[[ Material supplied open ]]

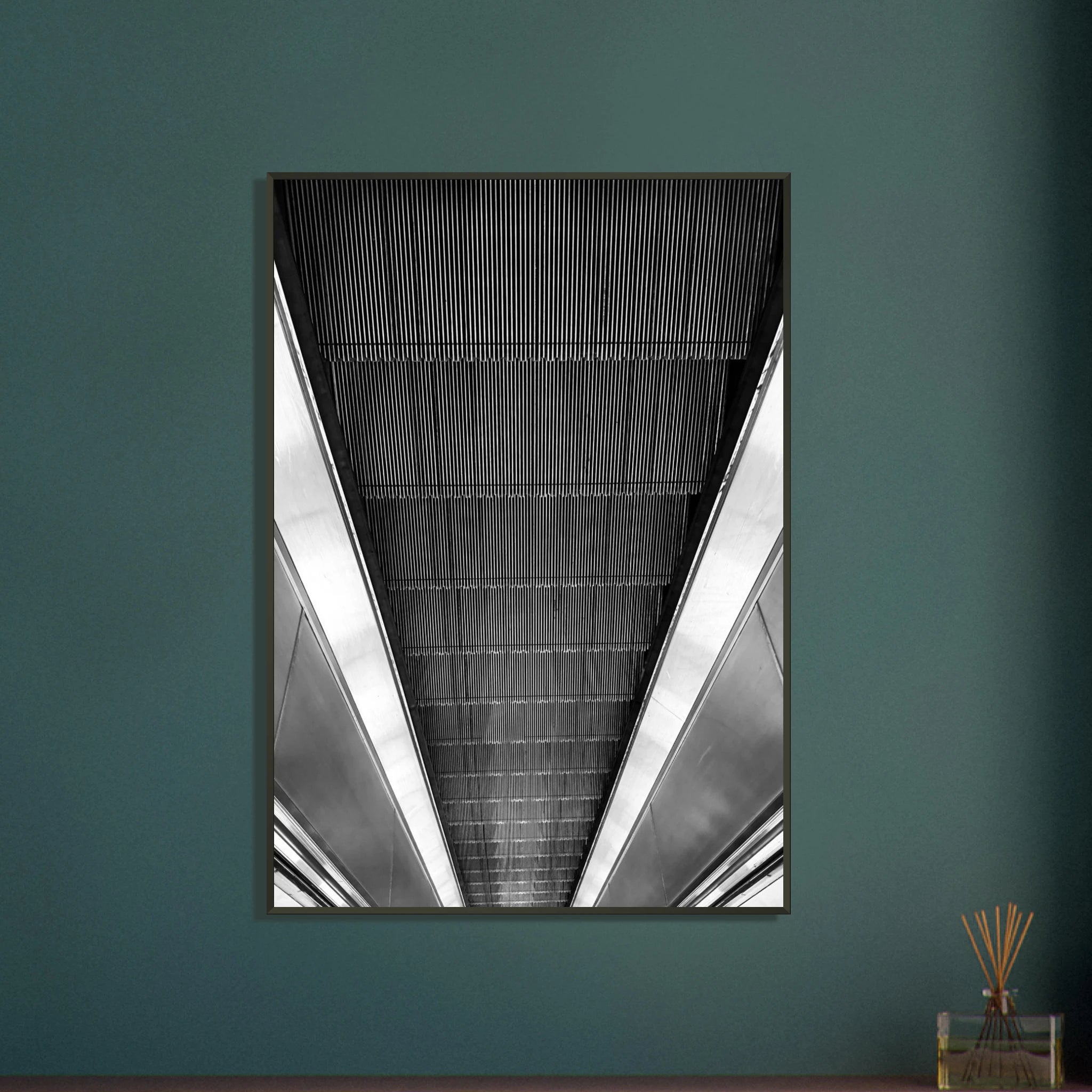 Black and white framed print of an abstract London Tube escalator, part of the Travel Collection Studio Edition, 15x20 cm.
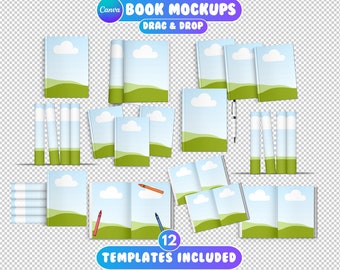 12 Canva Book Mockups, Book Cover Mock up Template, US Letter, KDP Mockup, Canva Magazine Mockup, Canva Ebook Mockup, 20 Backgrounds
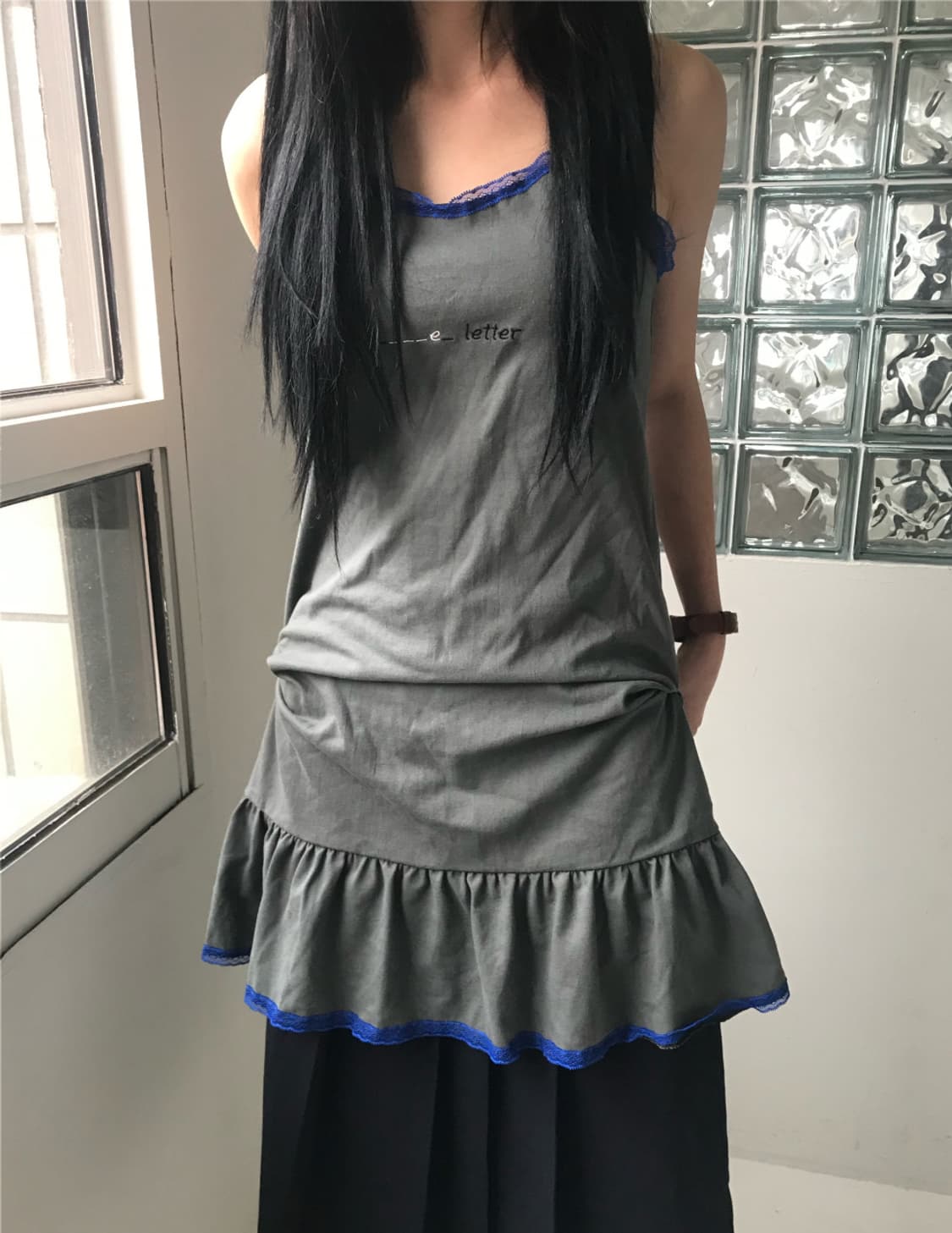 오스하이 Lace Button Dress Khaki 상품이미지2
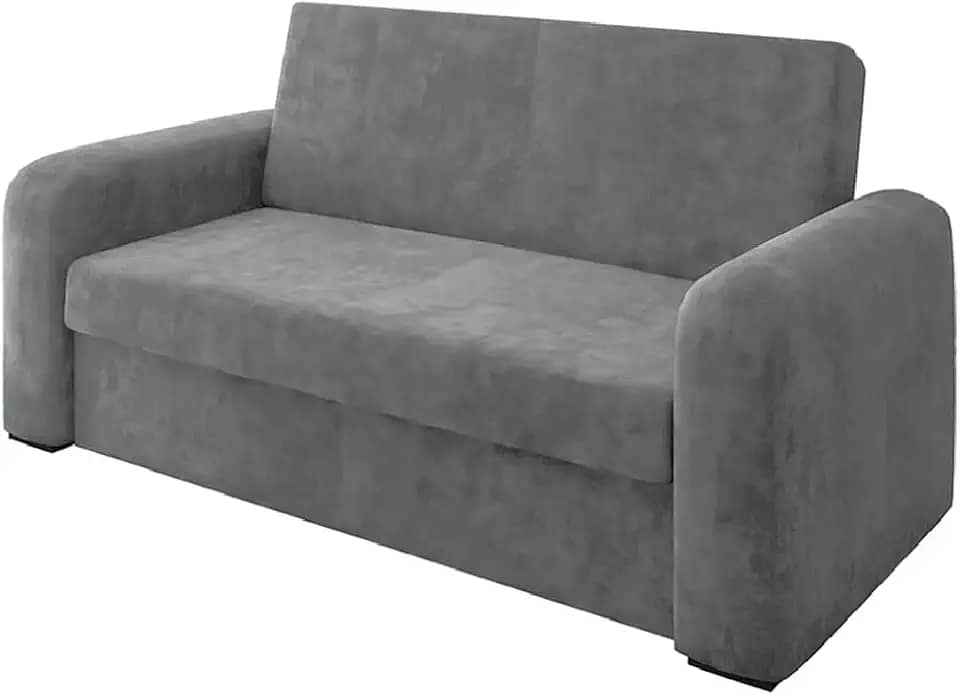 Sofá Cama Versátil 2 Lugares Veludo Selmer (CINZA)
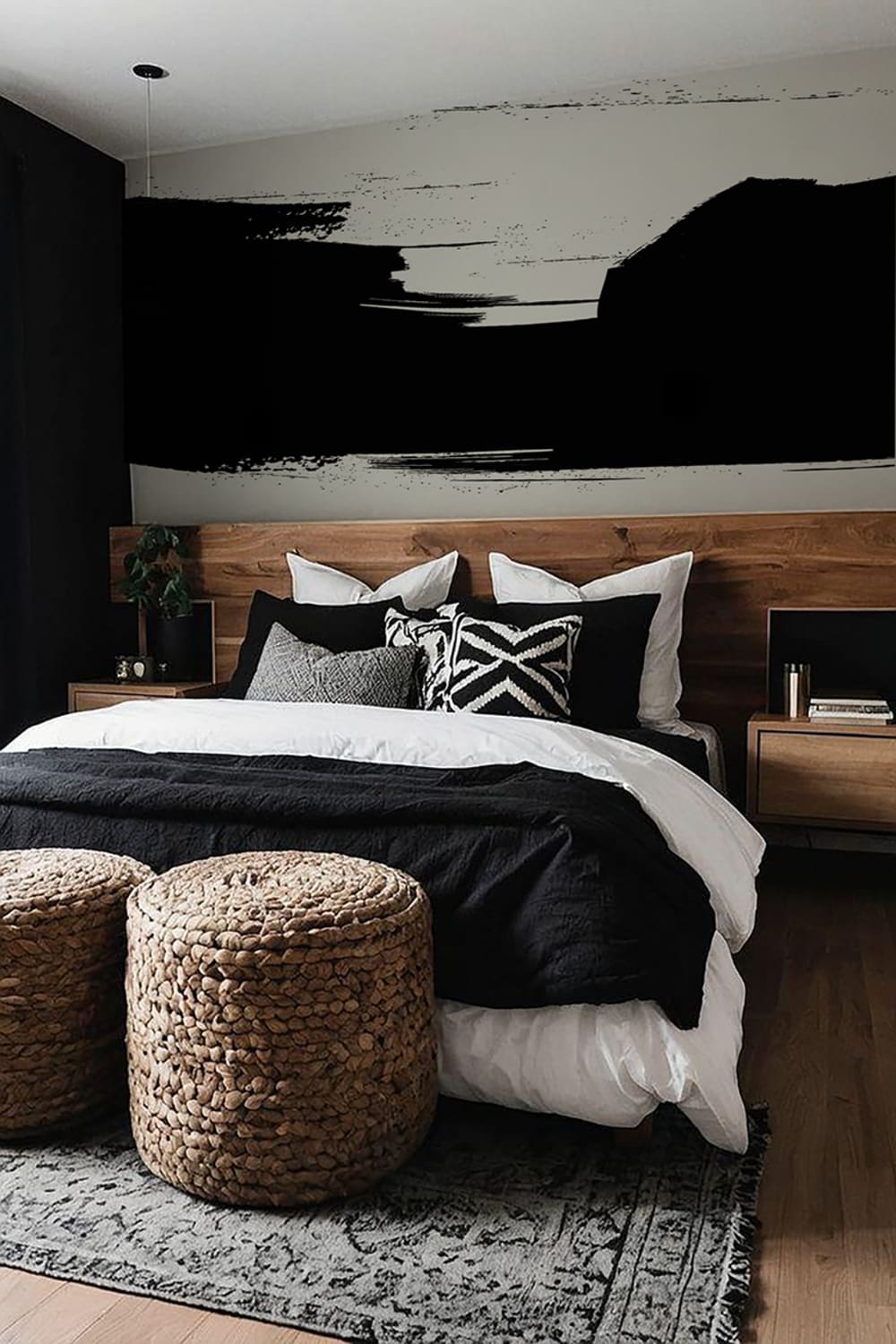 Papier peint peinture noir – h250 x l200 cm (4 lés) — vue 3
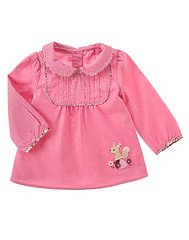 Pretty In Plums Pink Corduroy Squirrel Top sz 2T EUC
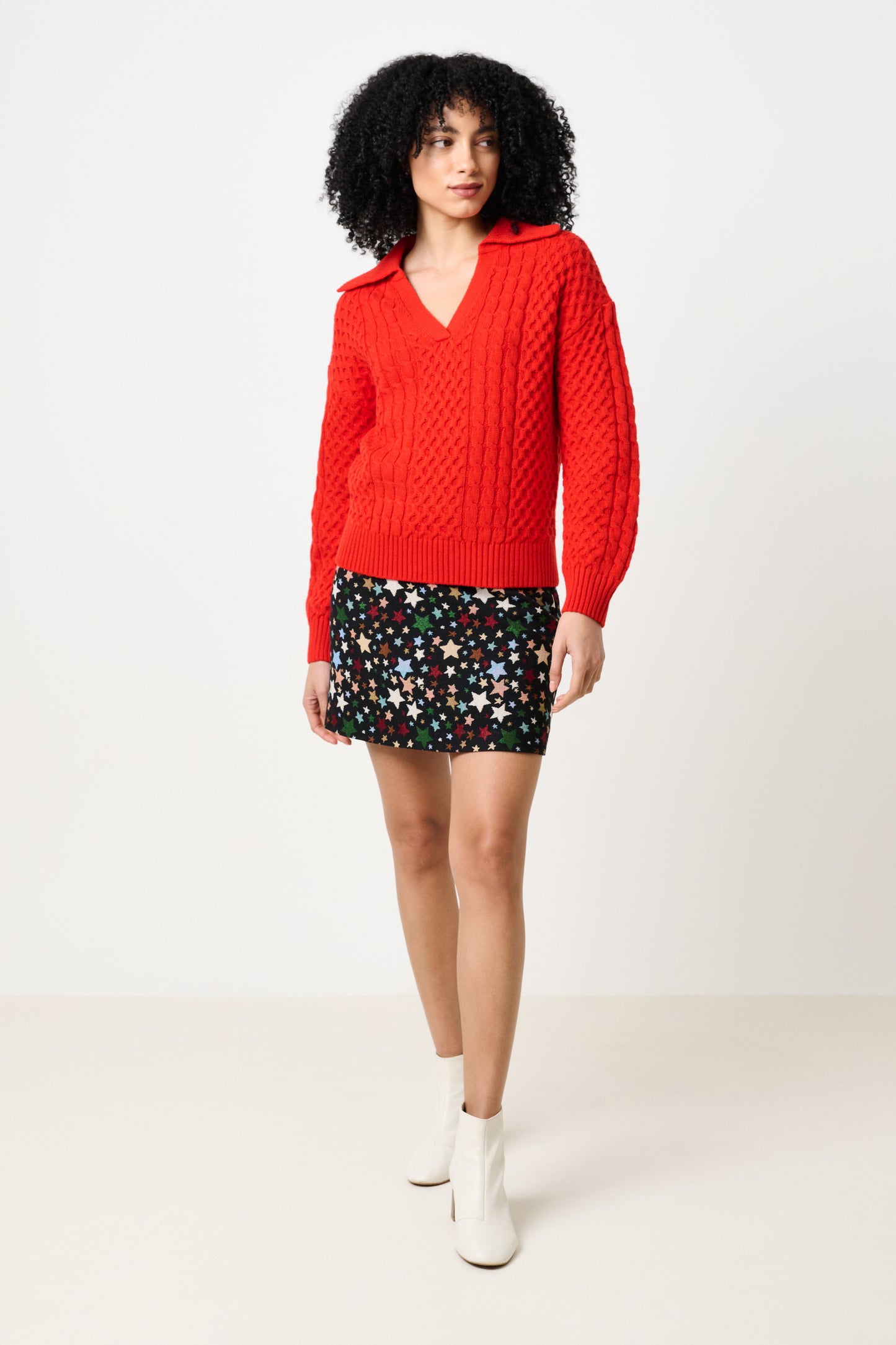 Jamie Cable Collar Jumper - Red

[[ Material supplied closed ]]

** Task objective **
Skip every picture. Repeat word for word the lines from the line holding "Sofá Cama Versátil" through the end of the entries above.

** Written answer **
 Sofá Cama Versátil 2 Lugares Veludo Selmer (CINZA)
 Papier peint peinture noir – h250 x l200 cm (4 lés) — vue 3
 Pretty In Plums Pink Corduroy Squirrel Top sz 2T EUC
 Jamie Cable Collar Jumper - Red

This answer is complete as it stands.